§ RECORDS FOR PROCESSING:
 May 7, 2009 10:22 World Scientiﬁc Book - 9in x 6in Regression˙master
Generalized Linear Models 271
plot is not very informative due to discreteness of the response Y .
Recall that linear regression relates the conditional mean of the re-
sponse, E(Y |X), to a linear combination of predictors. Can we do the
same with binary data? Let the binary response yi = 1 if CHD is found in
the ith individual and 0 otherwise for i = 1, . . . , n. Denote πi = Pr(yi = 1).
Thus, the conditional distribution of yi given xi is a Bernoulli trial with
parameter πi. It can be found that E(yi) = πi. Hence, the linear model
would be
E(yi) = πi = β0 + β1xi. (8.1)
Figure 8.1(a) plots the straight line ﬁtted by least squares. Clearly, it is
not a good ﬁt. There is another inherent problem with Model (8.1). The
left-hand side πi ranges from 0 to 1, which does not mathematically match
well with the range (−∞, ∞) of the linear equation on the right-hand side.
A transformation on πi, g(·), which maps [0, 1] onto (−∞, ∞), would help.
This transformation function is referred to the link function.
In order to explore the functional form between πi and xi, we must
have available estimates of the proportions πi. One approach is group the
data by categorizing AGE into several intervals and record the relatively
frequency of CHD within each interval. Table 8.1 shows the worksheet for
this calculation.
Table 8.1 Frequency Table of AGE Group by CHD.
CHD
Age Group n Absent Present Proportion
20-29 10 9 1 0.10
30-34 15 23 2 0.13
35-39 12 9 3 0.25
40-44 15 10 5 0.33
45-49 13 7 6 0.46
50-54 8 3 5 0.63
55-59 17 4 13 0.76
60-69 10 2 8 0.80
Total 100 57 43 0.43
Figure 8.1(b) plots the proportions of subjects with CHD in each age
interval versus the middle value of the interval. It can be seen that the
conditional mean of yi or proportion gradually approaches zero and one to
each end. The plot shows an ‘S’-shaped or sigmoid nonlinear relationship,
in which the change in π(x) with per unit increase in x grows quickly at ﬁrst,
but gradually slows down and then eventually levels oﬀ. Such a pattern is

--

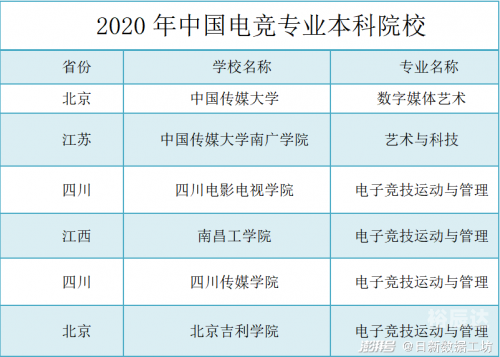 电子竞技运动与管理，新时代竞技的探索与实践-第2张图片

§ ABOUT THIS TASK: Using the listing above, copy exactly the line that contains "same with binary", the line that contains "not a good ﬁt.", and each line that falls between them.

§ SOLUTION:
same with binary data? Let the binary response yi = 1 if CHD is found in
the ith individual and 0 otherwise for i = 1, . . . , n. Denote πi = Pr(yi = 1).
Thus, the conditional distribution of yi given xi is a Bernoulli trial with
parameter πi. It can be found that E(yi) = πi. Hence, the linear model
would be
E(yi) = πi = β0 + β1xi. (8.1)
Figure 8.1(a) plots the straight line ﬁtted by least squares. Clearly, it is
not a good ﬁt. There is another inherent problem with Model (8.1). The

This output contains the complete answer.